1)calculate the loss for batch size 16 in forward pass without grads
     2) the pass the batch size of 2 and calculate the gradients
        3) update the gradients by averaging  on each iteration


for epoch in range(epochs):

for idx,sample in enumerate(dataloader):
    # dataloader with batch_size =16
    # here calculating the loss for batch size of 16
    with torch.no_grads():
        outputs = model(inputs)
    loss = loss_fn(outputs, labels)    

    # Pass the batch size of 2 (becuase of memory constraint) and calculate teh gradients
    for idx in range(0,batch_size,max_batch_size): 
        inputs, labels = sample[idx:idx+max_batch_size]

        # Forward Pass
        outputs = model(inputs)
        model.grads  /= 2


No, your approach won’t work since loss was created from an output tensor which is not attached to any computation graph. Calling loss.backward() will fail. Besides that your approach looks indeed like gradient accumulation since you are executing the forward pass multiple times with smaller batch sizes so you could directly call backward on these output tensors.

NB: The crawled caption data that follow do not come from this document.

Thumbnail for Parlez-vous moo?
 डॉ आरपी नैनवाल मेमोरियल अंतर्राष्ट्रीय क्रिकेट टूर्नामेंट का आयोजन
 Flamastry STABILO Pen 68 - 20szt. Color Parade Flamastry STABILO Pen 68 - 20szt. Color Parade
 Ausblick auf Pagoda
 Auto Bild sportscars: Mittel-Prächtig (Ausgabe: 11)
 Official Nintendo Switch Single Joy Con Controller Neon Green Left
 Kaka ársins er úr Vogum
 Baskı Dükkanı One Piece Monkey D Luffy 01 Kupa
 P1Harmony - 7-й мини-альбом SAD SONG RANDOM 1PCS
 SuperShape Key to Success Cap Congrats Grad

Thank you very much for your quick response.

One more doubt, is there any difference in output if i use gradient accumulation NUM_ACCUMULATION_STEPS = 4 with batch size of 4 instead of directly defining batch size of 16 ?

Because in gradient accumulation gradients are added and loss will be divided by NUM_ACCUMULATION_STEPS.

Where in defining batch size 16, calculated gradients on loss for sample size of 16 will be averaged. How these 2 things same ?

What I tried to do in the above code was to replicate the latter one.
Is my thought process correct? Is it possible to do ?

Since you are scaling the losses during gradient accumulation the gradients should be the same at the end. However, some layers use the batch size for their computation, such as batchnorm layers which calculate the stats from the incoming activation tensor, which would show different behavior in the gradient accumulation case vs. the large batch size case.